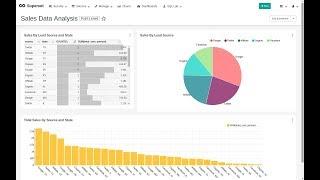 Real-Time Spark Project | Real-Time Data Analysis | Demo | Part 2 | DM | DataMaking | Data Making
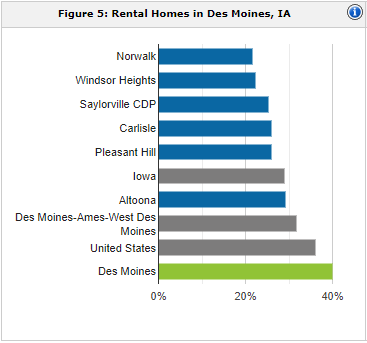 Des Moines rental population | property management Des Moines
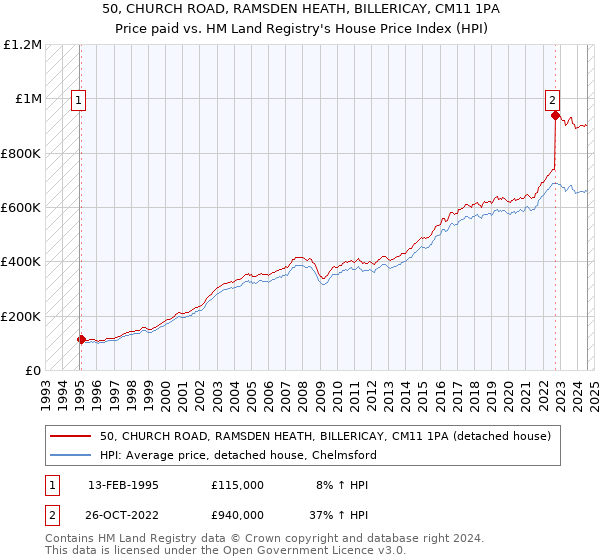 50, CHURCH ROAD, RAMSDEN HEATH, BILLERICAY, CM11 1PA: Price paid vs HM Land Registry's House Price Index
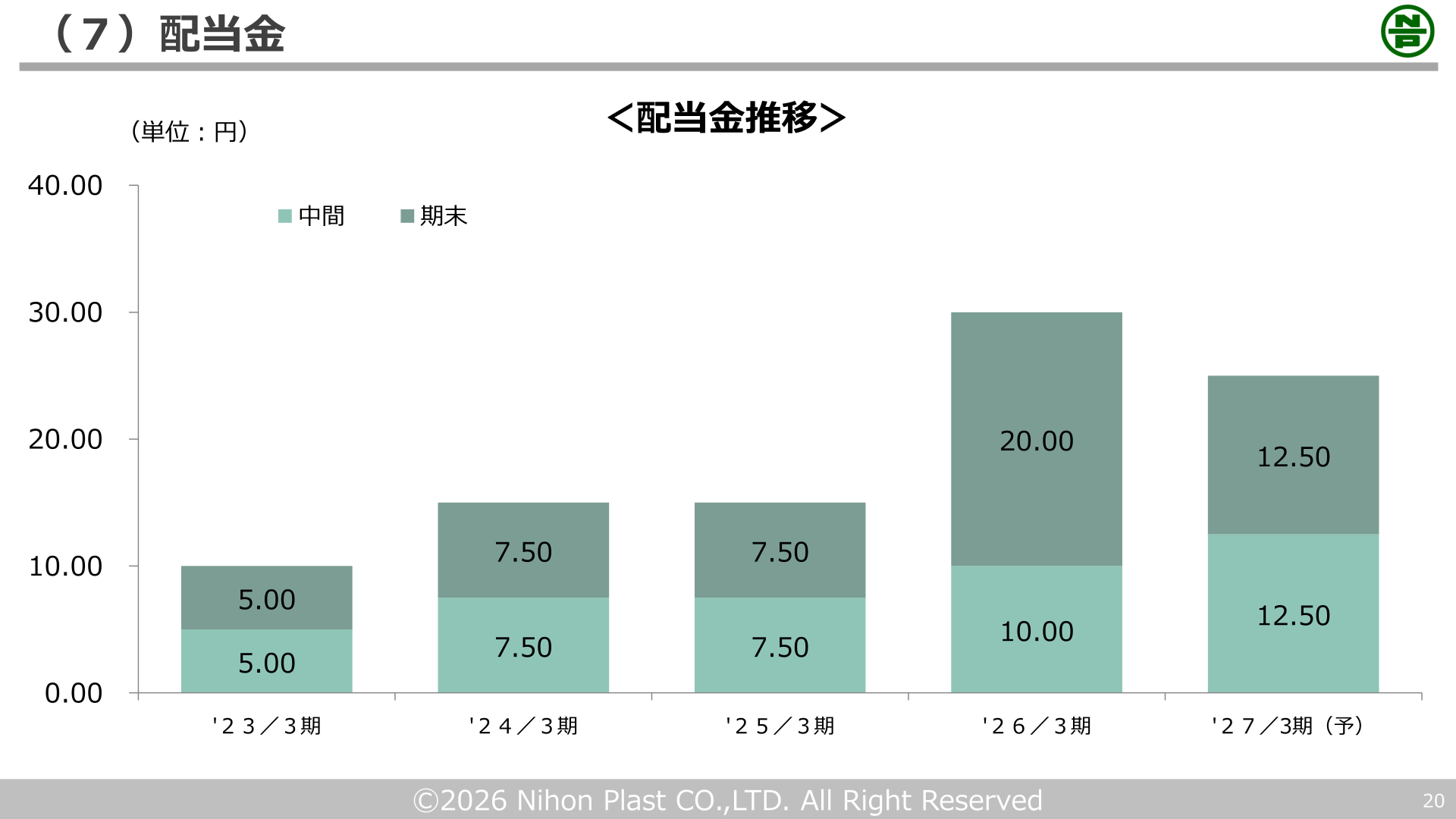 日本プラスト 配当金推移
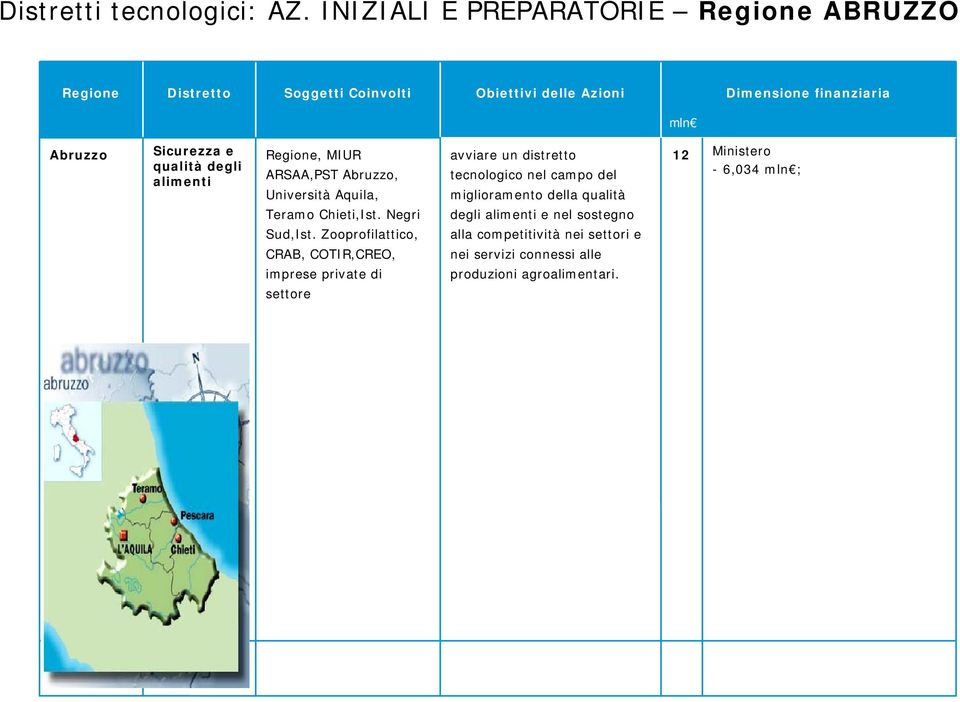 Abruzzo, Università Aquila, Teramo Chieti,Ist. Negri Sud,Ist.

__EXERCISE PROMPT__
What is needed is an exact restatement of every line from the line containing "日本プラスト 配当金推移" through the last line of the records, minus any pictures.

__TASK RESULT__
 日本プラスト 配当金推移
 Abruzzo, Università Aquila, Teramo Chieti,Ist. Negri Sud,Ist.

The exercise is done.